Skip the images and repeat every entry word for word.

···

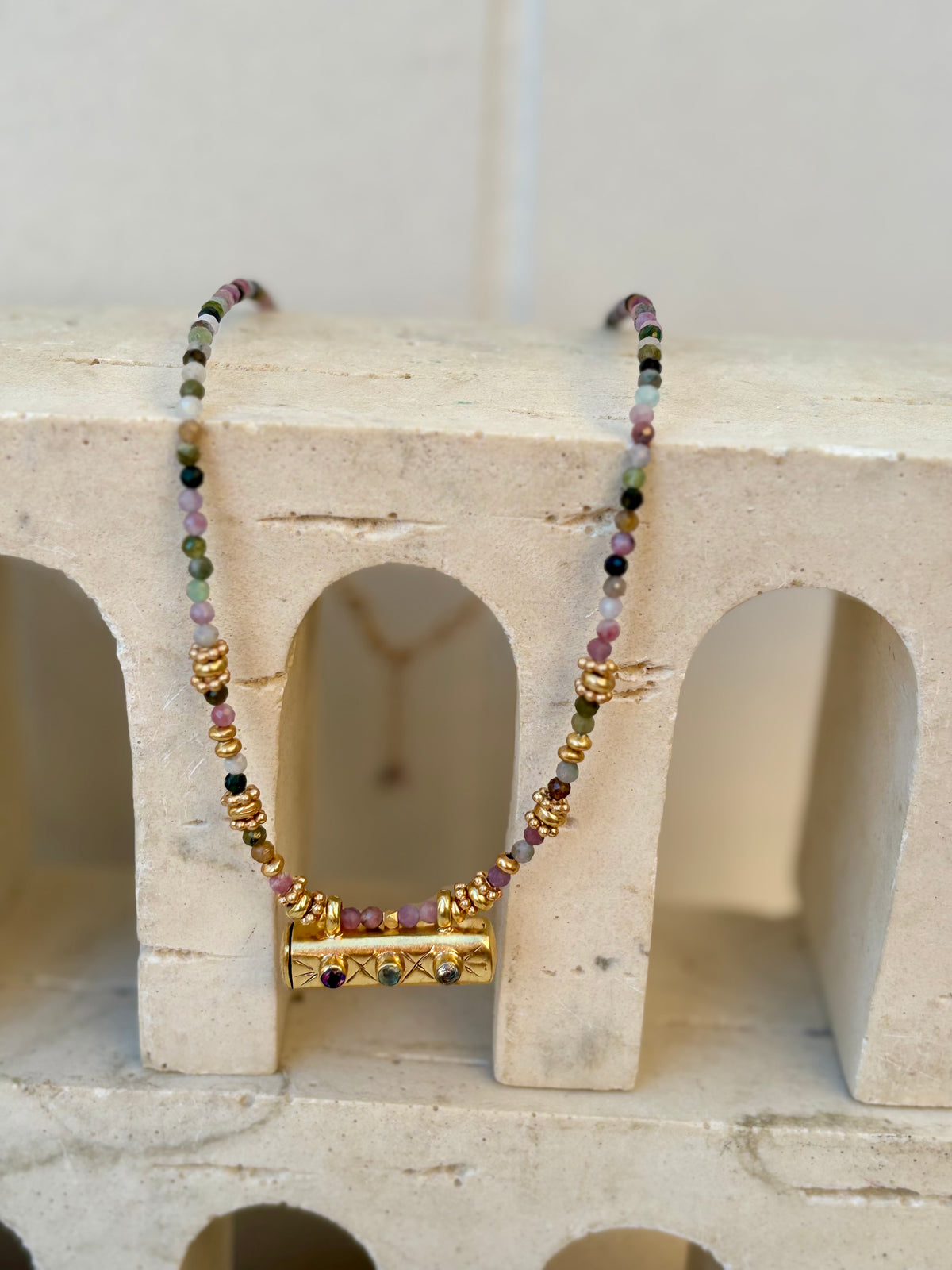 Tourmaline Taweez Necklace Gold Plated Brass Amulet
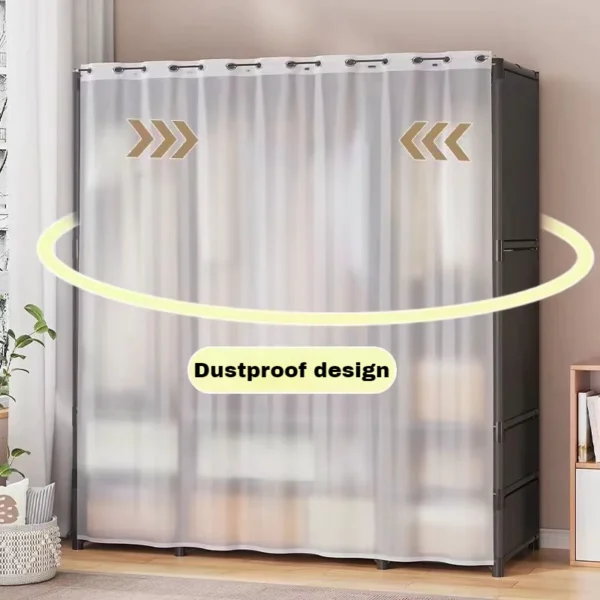 Clothes Wardrobe with Curtain Storage Organizer Clothes Rack Large Wardrobe Muji Style Open Wardrobe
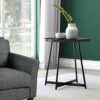 ASPECT Louisa Wooden Tray/Round Side End Table-Oak Veneer in Black Finish, Metal, Dia x 50(H) cm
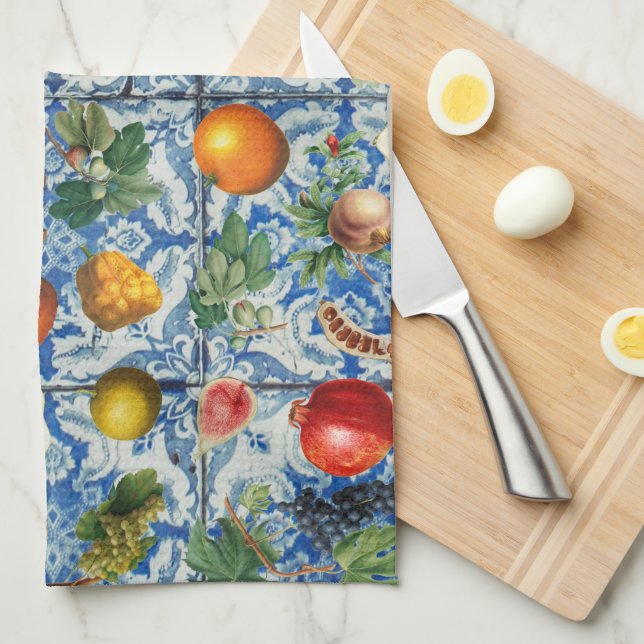 Paño De Cocina Fruta mediterránea de verano y mosaico blanco azul (Doblado Cuarto)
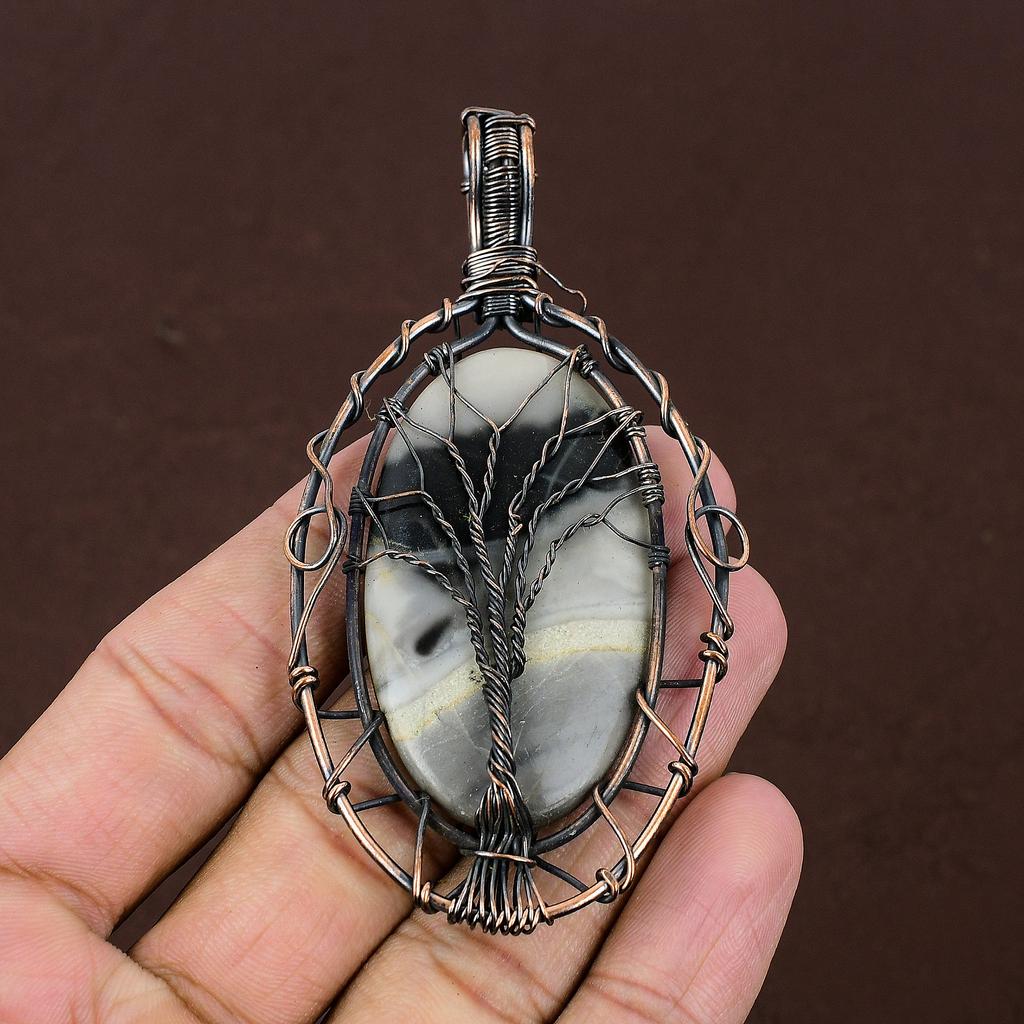 Fume Agate Gemstone Copper Wire Wrap Tree Of Life Pendant 3.54"
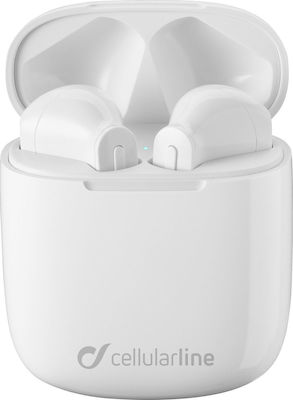 Cellular Line Aries In-ear Bluetooth Handsfree Ακουστικά με Θήκη Φόρτισης Λευκά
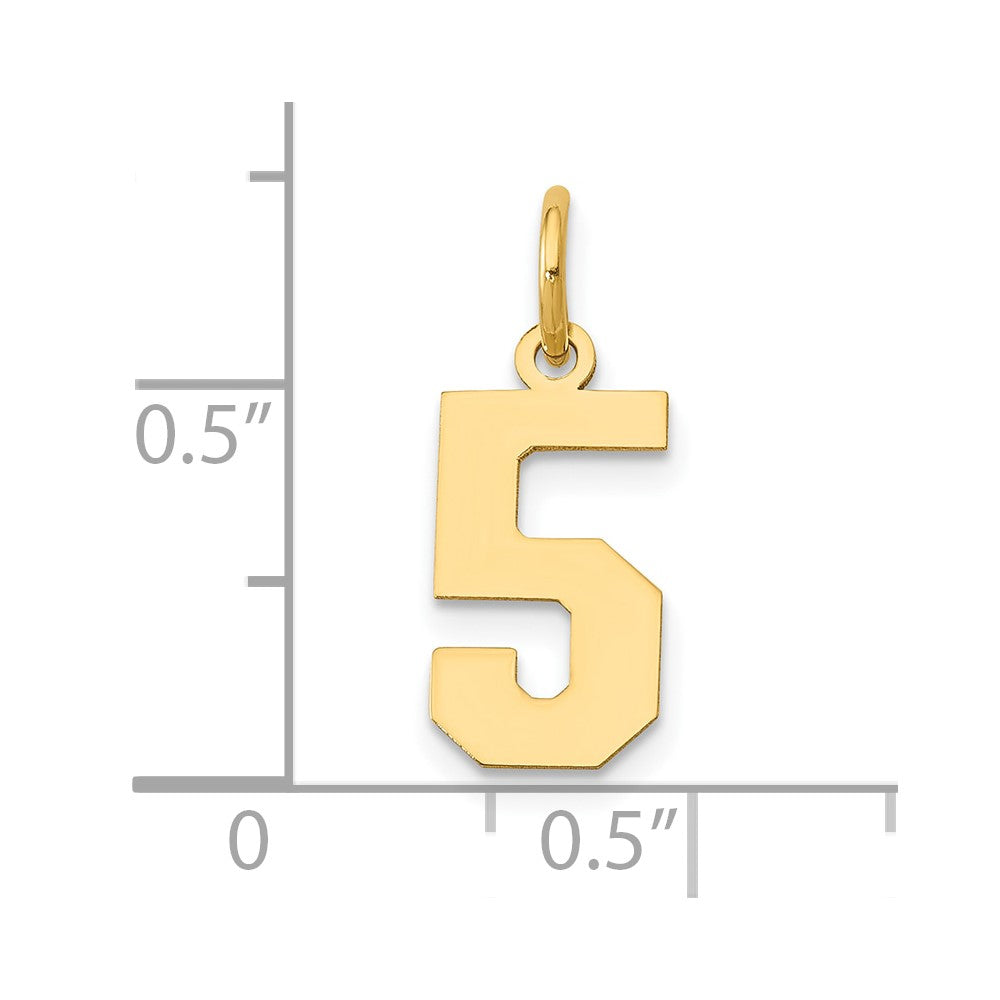 14k Small Polished Number 5 Charm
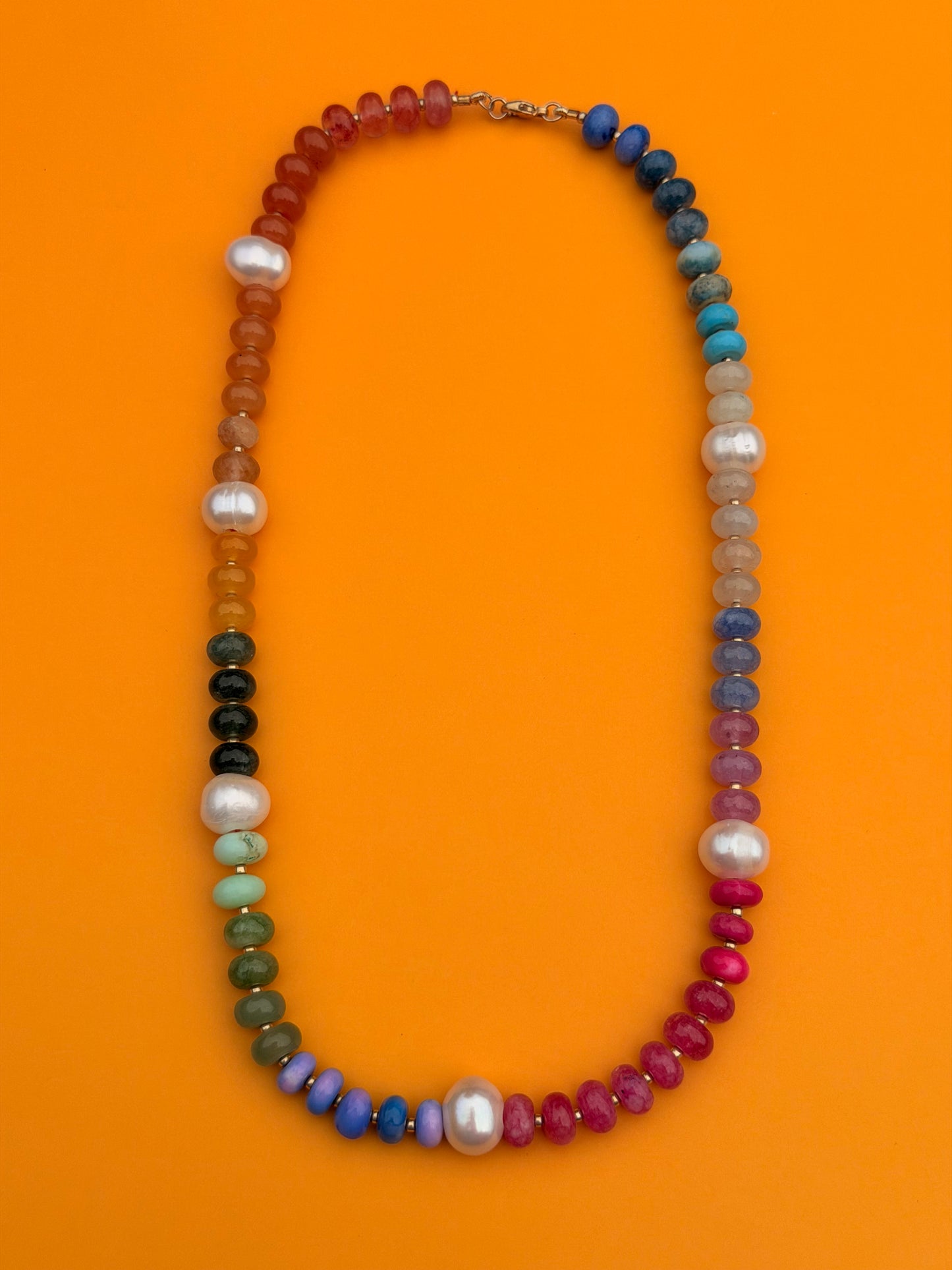 Candy Gem & Freshwater Pearl Necklace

···

- **Solution to this task**
 Tourmaline Taweez Necklace Gold Plated Brass Amulet
 Clothes Wardrobe with Curtain Storage Organizer Clothes Rack Large Wardrobe Muji Style Open Wardrobe
 ASPECT Louisa Wooden Tray/Round Side End Table-Oak Veneer in Black Finish, Metal, Dia x 50(H) cm
 Paño De Cocina Fruta mediterránea de verano y mosaico blanco azul (Doblado Cuarto)
 Fume Agate Gemstone Copper Wire Wrap Tree Of Life Pendant 3.54"
 Cellular Line Aries In-ear Bluetooth Handsfree Ακουστικά με Θήκη Φόρτισης Λευκά
 14k Small Polished Number 5 Charm
 Candy Gem & Freshwater Pearl Necklace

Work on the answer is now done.